Labour's Coun Richard Lewis was in the firing line as members clashed at an Extraordinary Meeting of Leeds City Council at Civic Hall this morning.
It comes after Government just over a month ago suggested a target of 42,000 new homes in Leeds by 2028 – a dramatic drop from the authority’s own figure of nearly 70,000.
Inspectors were due to carry out a public review of Leeds’s housing blueprint in October, but the sessions examining the homes aspect of the SAP are now expected in March.
Coun Andrew Carter, leader of Leeds’s Conservative Group, had put forward a motion of no confidence in the authority over the issue.
He is concerned that the current plans threaten the city's protected Green Belt land.
But ultimately it was executive member for regeneration, transport and planning Coun Lewis’s amendment which was carried by a vote of 56 to 34.
In the amendment, Coun Lewis wrote: “Council notes the Conservative government policy has created the perverse situation where it is both failing to provide the housing needed by the people of Leeds and weakening the protection of the city’s green belt and is therefore utterly dysfunctional.”

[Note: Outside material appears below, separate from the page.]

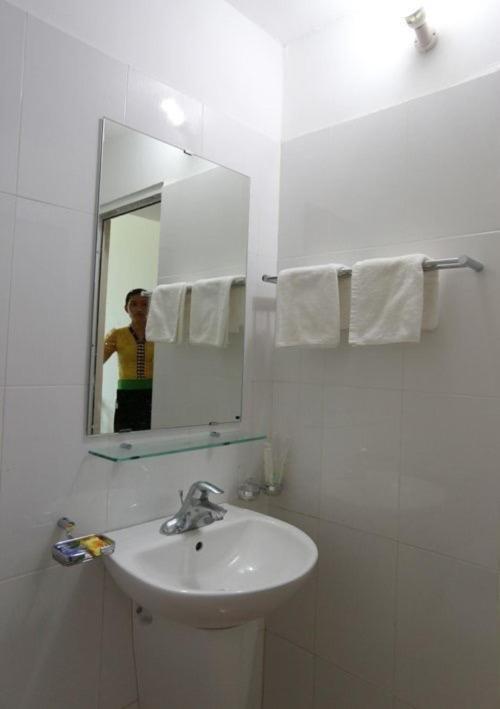 Agri Hotel Dien Bien Phu Exterior photo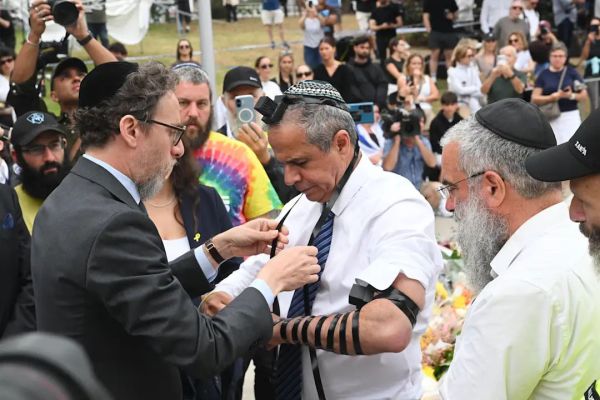 תיעוד: שגריר ישראל באוסטרליה הניח תפילין בזירת הפיגוע בסידני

But Coun Carter told him at the meeting: “You’ve been rumbled. If you can’t sort it, resign. Half of your group would like to see you go.”
His remark was met with jeers from Labour members.
And Coun Robert Finnigan, of the Morley Borough Independents, said: “Nobody’s every accountable, nobody ever resigns and that’s a disgrace to this fine city.”
Earlier in the meeting, Coun Lewis told members: "We are in the real world, and you have to deal with the real situation were are in.
"The reality is, that figure [70,000 homes] was agreed by a Government inspector [at the time]."
He told the Conservatives: "You always come back to the same thing and you always come back to it in a one-dimensional way.
"It's always about Green Belt release. It's not just about Green Belt release. It's about the city's real housing needs."